About that Trick in Fourier Neural Operators

Fourier Neural Operators (FNOs)^[1] have been quite successful to say the least with a variety of immediate practical applications from accurate high-resolution weather forecasting, Carbon Capture and Storage (CCS) simulations, industrial-scale automotive aerodynamics, and material deformation to name a few^[2].

Here's a quick overview of FNOs $-$ Recall that the general form for a Neural Operator as a composition of layers $v$ of the form^[3]

$v^{l+1}(\vx) := \sigma \left (\vW v^l(\vx)+ \int_\fX k(\vx,\vz) v^l (\vz) d \vz \right )$

Where $\sigma$ is the usual pointwise nonlinearity, and $k$ is some kernel function. The motivation here is that, to learn an operator as a mapping between functions, we have to go beyond just pointwise transformations like $\vW v(\vx)$ . The integral part in the above equation defines a family of functional transforms called Kernel Integral Transformations, thus enabling the network to learn a more general form of the input-output functional mapping.
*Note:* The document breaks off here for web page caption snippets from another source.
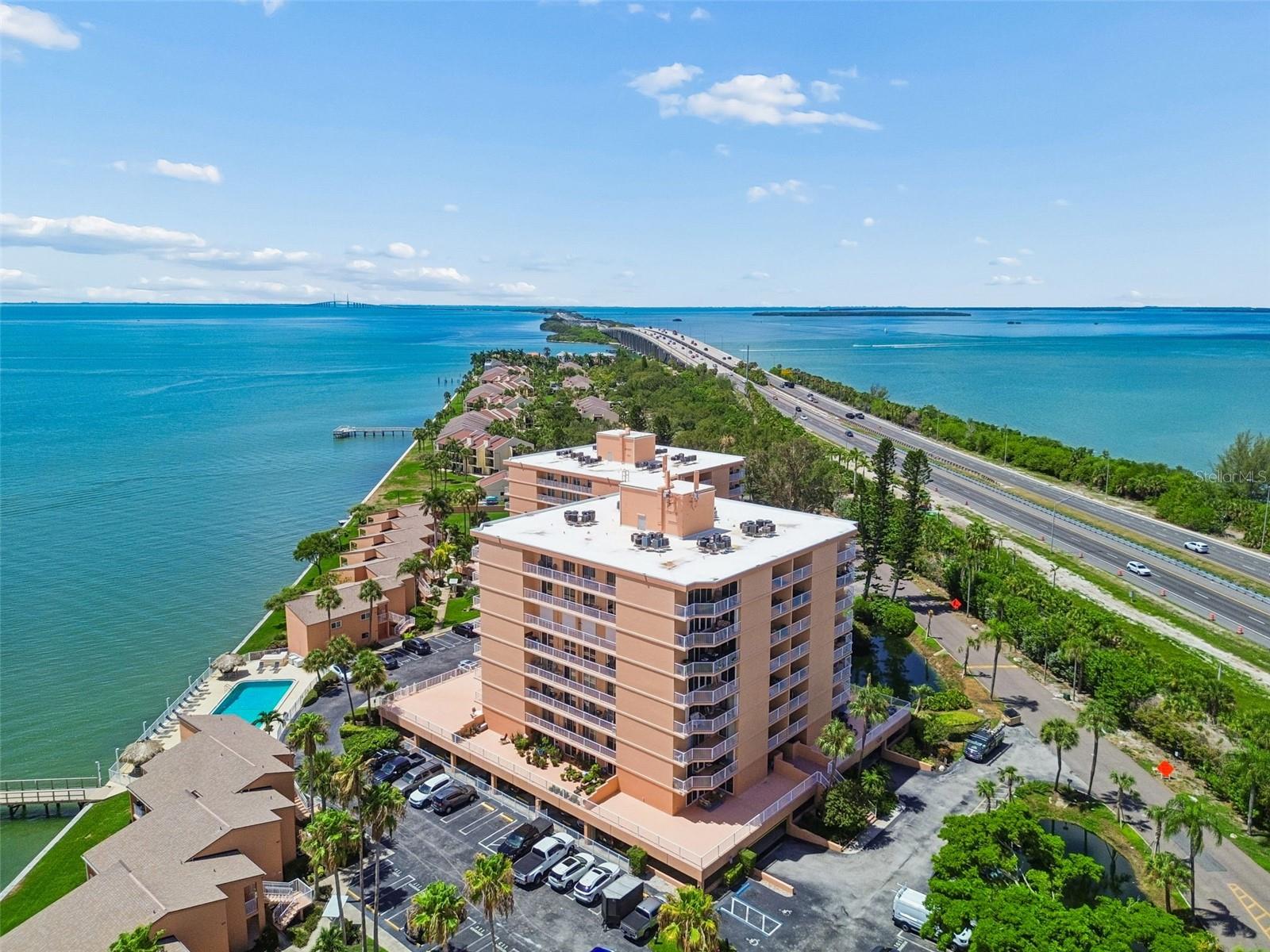 7430 SUNSHINE SKYWAY LN S #201, St Petersburg FL 33711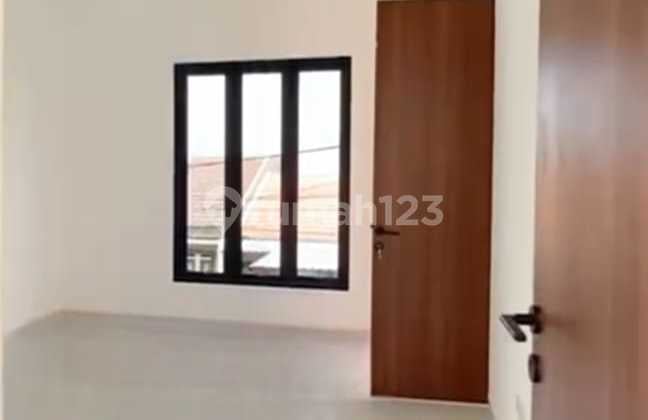 Rumah Bagus Tki 3 Blok E Bandung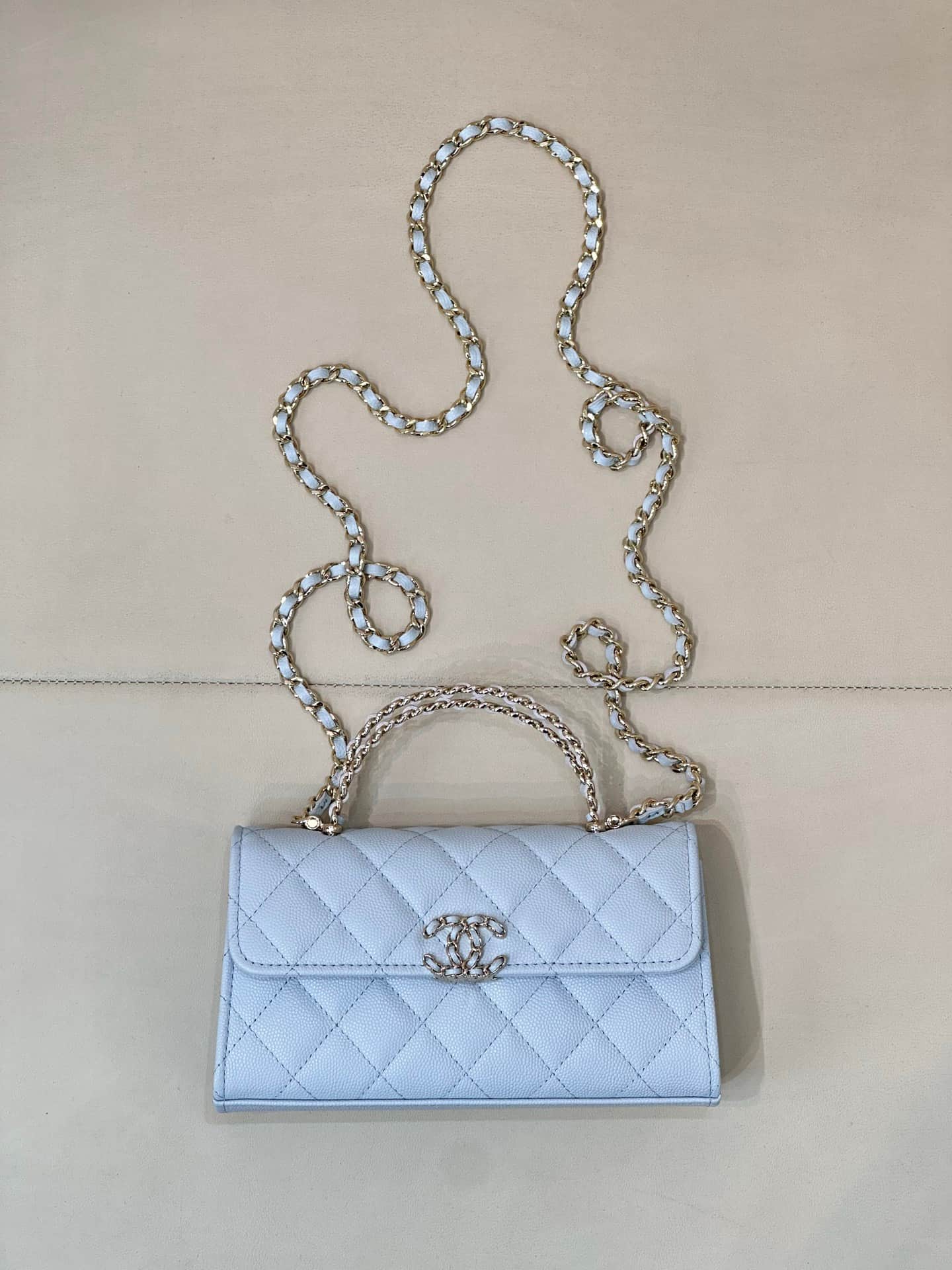 Chanel Clutch with chain Grained Calfskin&Gold-Tone Metal Blue AP3238 TOP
The integral over the input domain $\fX \subset \R^d$ ensures that the network is not restricted to learning the fixed number of input function measurements or their locations.

We can identify that the integral term represents a convolution operation, provided the kernel $k$ is stationary (translation invariant) i.e $k(\vx, \vz) = k(\vx - \vz)$ . This immediately suggests the use of Fourier transforms to convert the convolution to matrix multiplication, which is computationally more efficient than computing the integral directly.

$\int_\fX k(\vx, \vz) v(\vz) dz = \int_\fX k(\vx-\vz) v(\vz) dz = \fF^{-1}(\fF(k) \cdot \fF(v))(\vx)$

Therefore, instead of designing a network to learn the kernel $k: \fX \to \R^{d_v \x d_v}$ , we now directly learn its Fourier transform $\fF(k)$ , represented as $R_{\phi}$ .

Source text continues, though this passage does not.